Jongeren met zeer complexe hulpvragen die in de open jeugdhulp verblijven, krijgen vrijheidsbeperkende maatregelen opgelegd. De Inspectie Gezondheidszorg en Jeugd (IGJ) ziet dat het aanbieders niet lukt deze jongeren tijdig passende hulp te bieden zonder gebruik te maken van vrijheidsbeperkende maatregelen. De inzet van deze maatregelen zonder wettelijke basis tast de rechtsbescherming van de jongeren aan. Jongeren en medewerkers binnen de open jeugdhulp hebben regelmatig te maken met gevaarlijke situaties. Dit blijkt uit de analyse van de antwoorden van 80 jeugdhulpaanbieders op een uitvraag van de inspectie.

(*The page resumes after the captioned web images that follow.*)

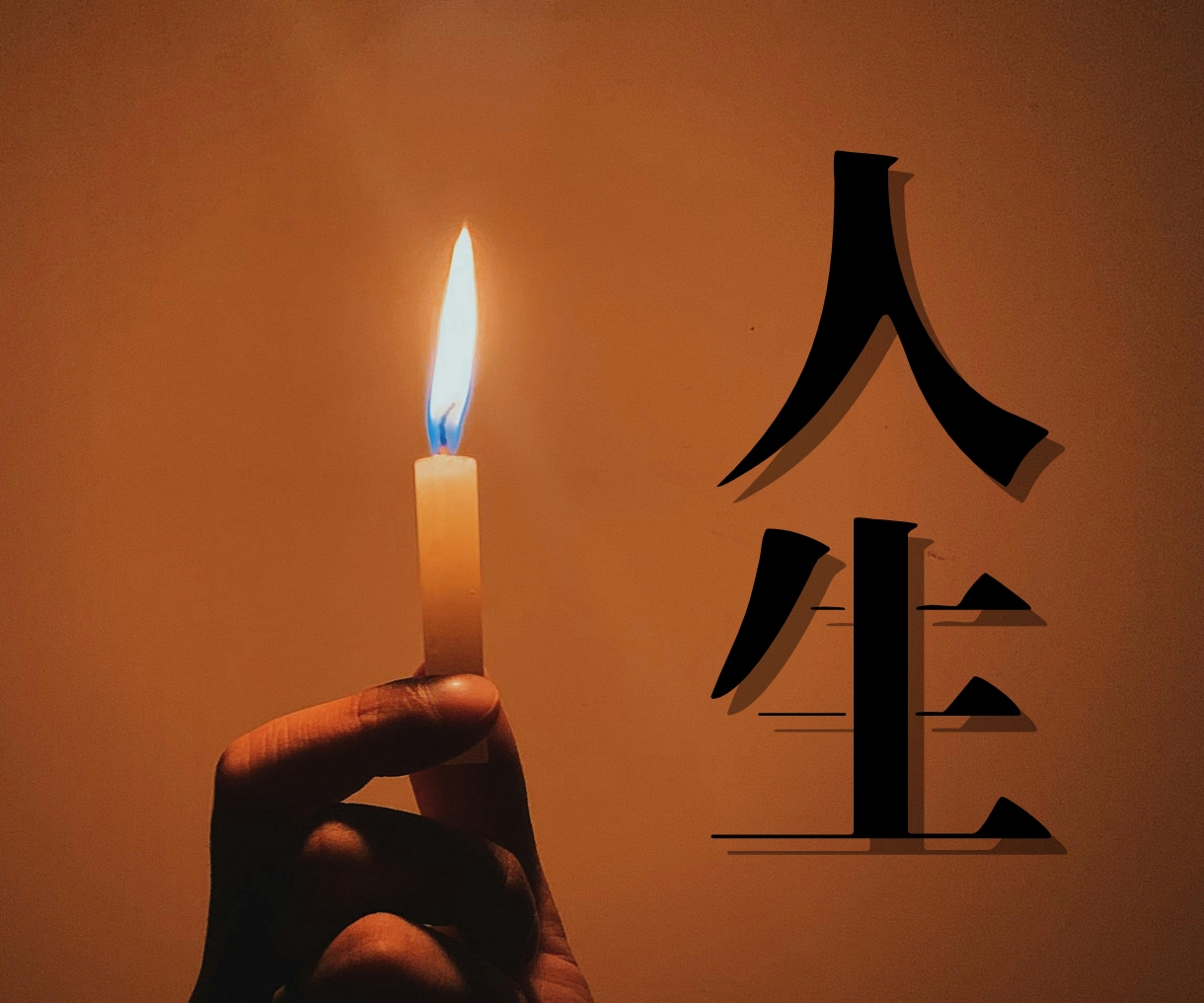 未来が見えない人生を憂う夜に、そっと灯をともします 占術＆霊視で人生地図を明るく照らす。より良い人生行路の歩き方 イメージ1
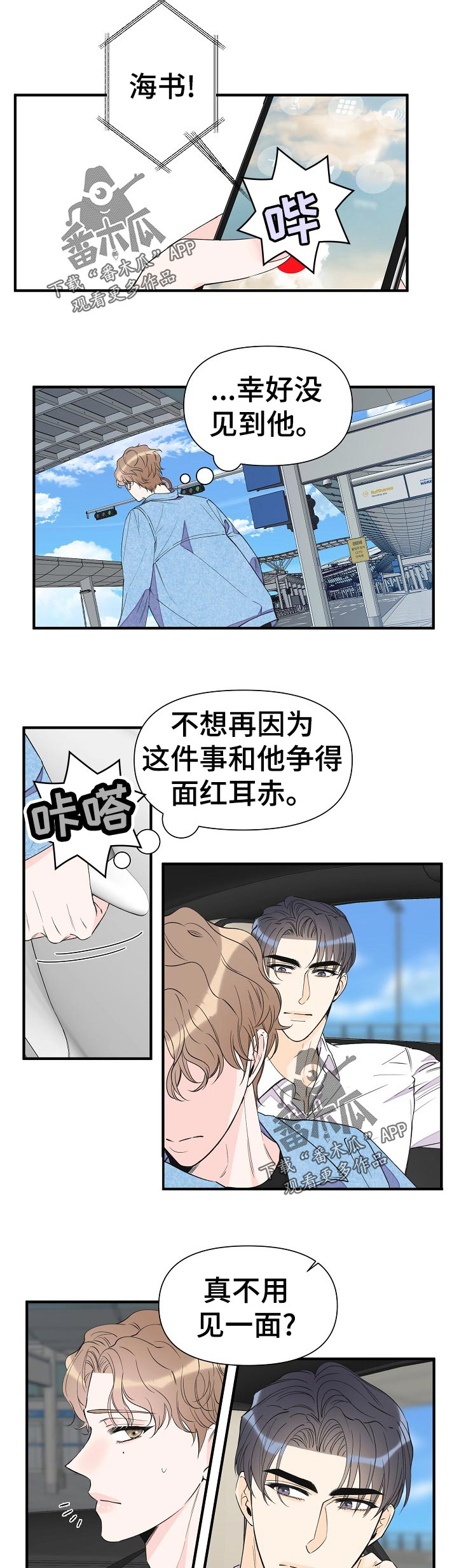 超能力职业战争5漫画,第89章：对不起3图
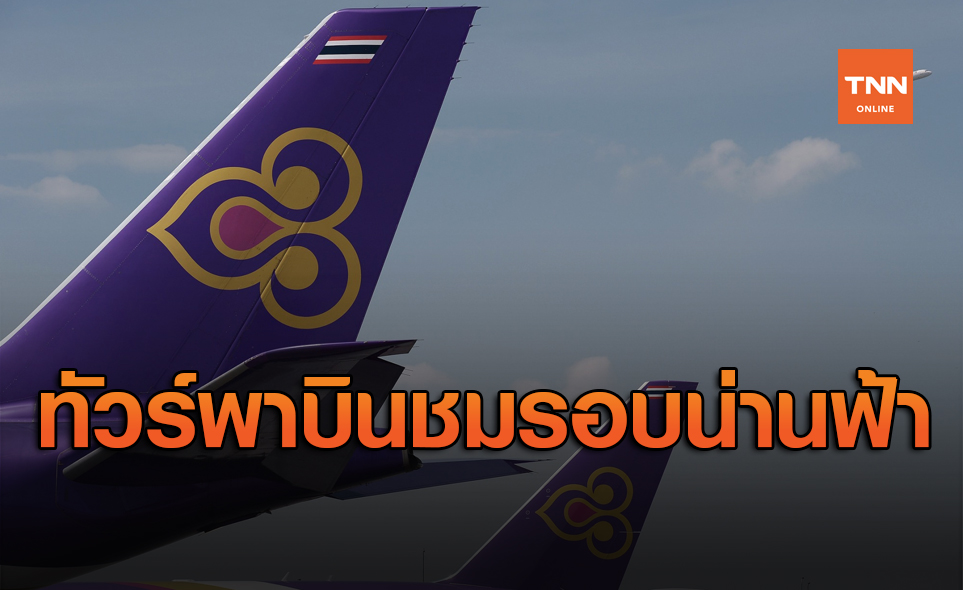 การบินไทยผุดทัวร์พาบินชมรอบน่านฟ้าไทย เพิ่มกลยุทธ์สร้างรายได้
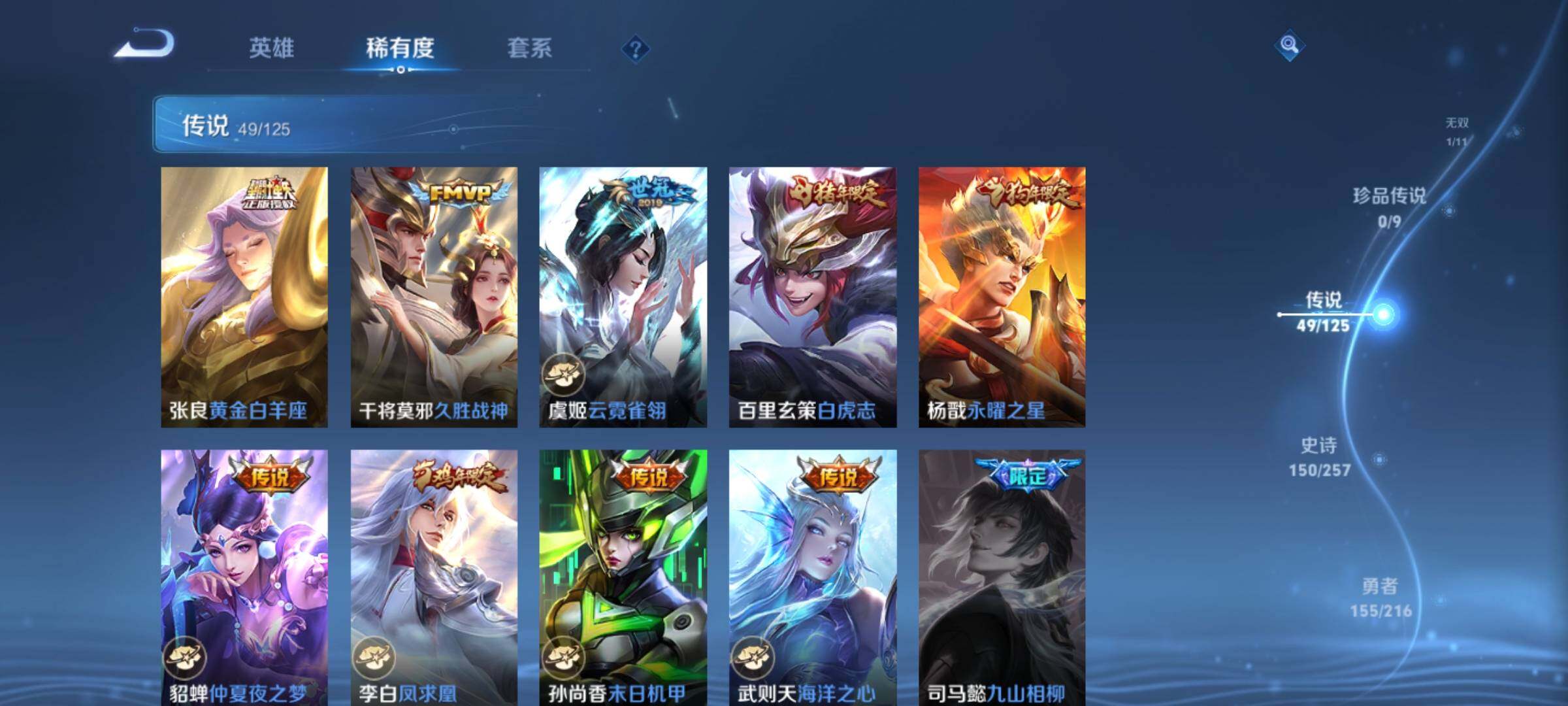WZXS3235052王者荣耀账号详情图13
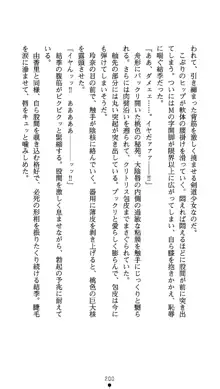 レオタード退魔師 佐緒里, 日本語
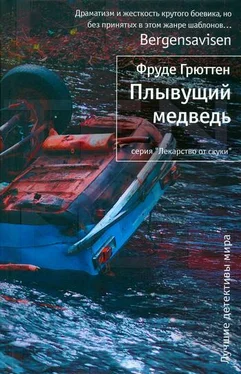 Фруде Грюттен Плывущий медведь обложка книги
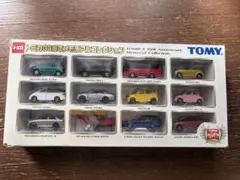 2026年最新】トミカアニバーサリー24の人気アイテム - メルカリ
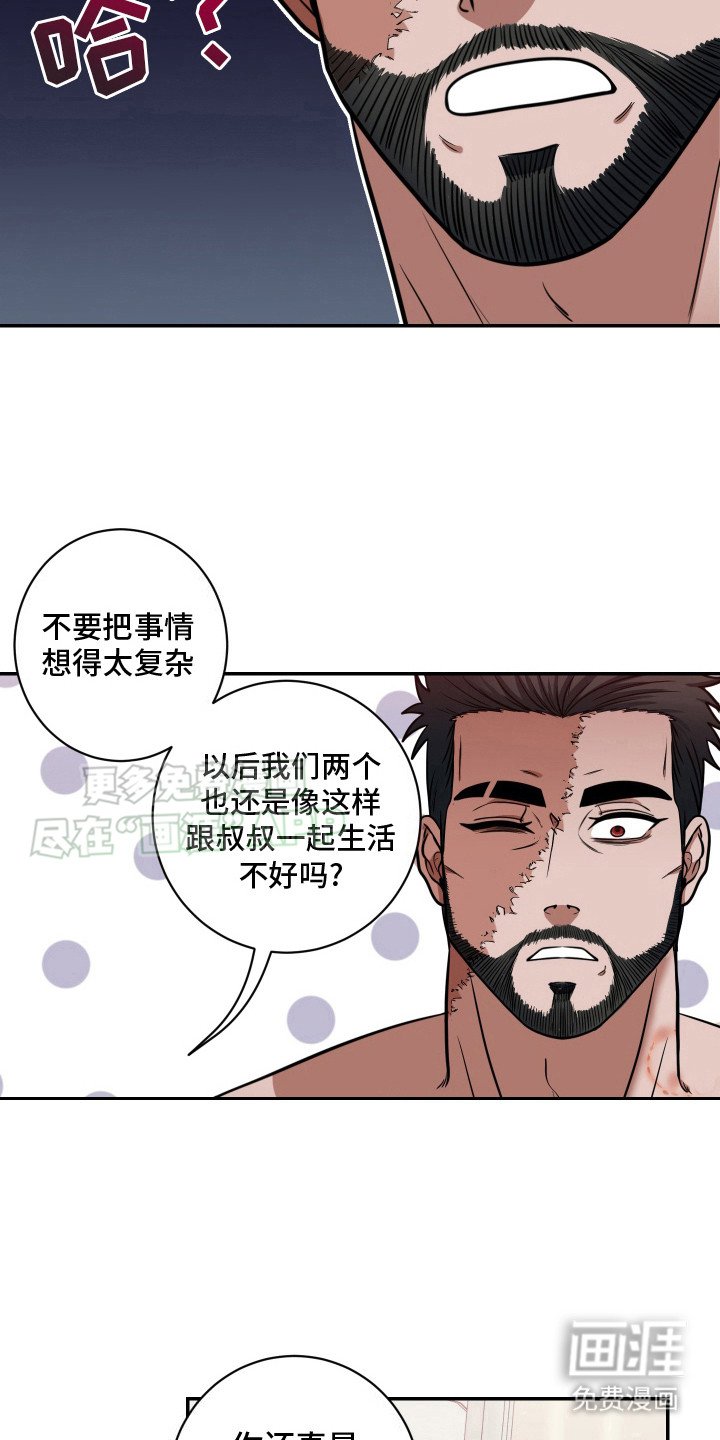 第8章：非常喜欢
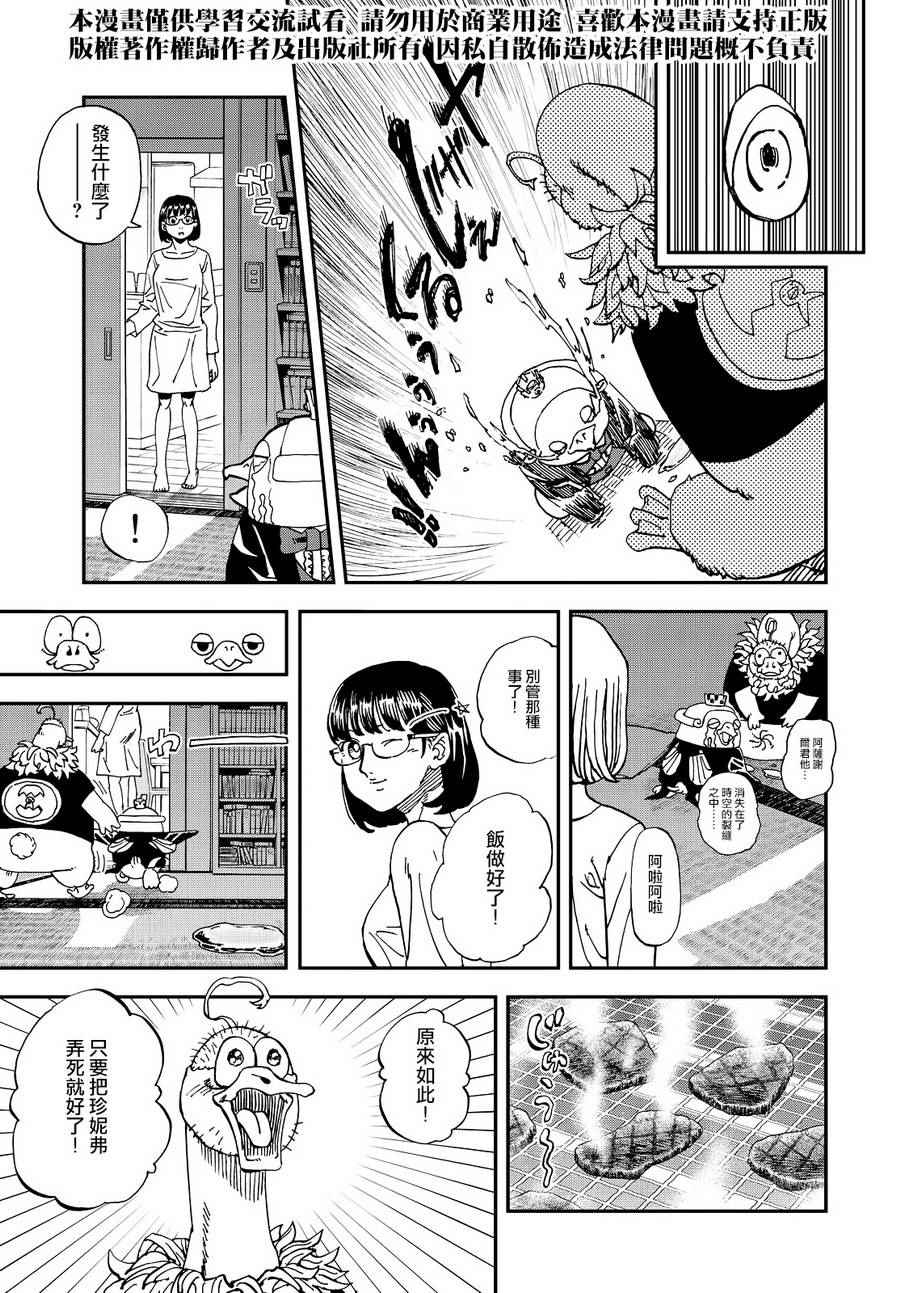 第132话6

De inspectie onderzocht de hulp aan jongeren die zonder behandeling een gevaar voor zichzelf of voor anderen vormen en die niet direct open staan voor hulp. Door de af- en ombouw van de gesloten jeugdhulp (JeugdzorgPlus) komen zij vaker terecht in de open jeugdhulp. Voorheen verbleven deze jongeren vaak voor kortere of langere tijd in de gesloten jeugdhulp. Steekproefsgewijs heeft de inspectie bij 80 aanbieders die hulp bieden aan deze jongeren een vragenlijst uitgezet.
Basisvoorwaarden ontbreken
De inspectie stelt dat de basisvoorwaarden ontbreken om deze groep jongeren de juiste hulp zonder inzet van vrijheidsbeperkende maatregelen te kunnen bieden. Voor het bieden van passende hulp zijn op zijn minst kleinschaligheid, voldoende vakbekwame medewerkers, een stabiel team en geschikte woonvoorzieningen noodzakelijk. Ook moet een aantal randvoorwaarden op orde zijn. Denk hierbij aan samenwerking tussen zorgaanbieders en een toereikende financiering. Daarnaast ontbreekt het aan veldnormen of kwaliteitseisen met de basis- en randvoorwaarden voor passende hulp aan jongeren met een complexe hulpvraag buiten de gesloten jeugdhulp. Het is aan het jeugdzorgveld om deze veldnormen en kwaliteitseisen op te stellen.
Meer complexe problematiek
Door de af- en ombouw van de gesloten jeugdhulp stellen 56 van de bevraagde 80 aanbieders van open jeugdhulp vast een toename van de complexiteit van de problematiek van jongeren te zien. Het gaat om agressie, verslavings-, persoonlijkheids- en psychiatrische problematiek, en extreem gedrag. Er zijn minder aanmeldingen van jongeren met enkelvoudige problemen, en jongeren worden op jongere leeftijd aangemeld. Ook is de vraag naar maatwerk fors gestegen. Er is een tekort aan lichtere vormen van hulpverlening, zoals preventieve hulp aan huis. Dat zorgt er volgens aanbieders voor dat jongeren later in beeld komen en dat dan hun problemen zwaarder zijn geworden.
Geen dekkend aanbod, tekort aan (vervolg)hulp
Er is een grote variatie aan aanbod voor jongeren met een complexe hulpvraag. Toch is dit zorg- en hulpaanbod niet dekkend. Dit komt onder andere doordat aanbieders met in- en uitsluitingscriteria werken. Hiermee geven aanbieders aan in welke problematiek zij gespecialiseerd zijn en aan welke jongeren zij geen hulp kunnen bieden. Verder is er nauwelijks aanbod voor jongeren die een combinatie van problemen hebben. Het gaat dan om jongeren die bijvoorbeeld naast psychische problematiek of een verstandelijke beperking ook agressief zijn of een verslaving hebben. Voor hen was er al een tekort van het hulpaanbod. Dit tekort wordt groter door het afbouwen van gesloten jeugdhulp. Daarnaast is er geen (langdurige) vervolghulp of voorzieningen om (beschermd) te kunnen wonen. De doorstroom naar vervolghulp en/of woonplekken in de eigen regio is een groot knelpunt volgens 66 aanbieders. Het lukt 31 aanbieders niet om hun wachtlijsten te verkleinen, onder andere doordat jongeren later uitstromen naar een vervolgplek zoals beschermd of begeleid wonen.
Verschil in samenwerking met gemeenten en financiering
Aanbieders stellen dat elke gemeente een eigen aanpak heeft. Ze hebben vaak contact met meerdere afdelingen van de gemeente. Dit heeft tot gevolg dat aanbieders soms onnodig lang wachten op financiering voor de zorg die al wordt geboden.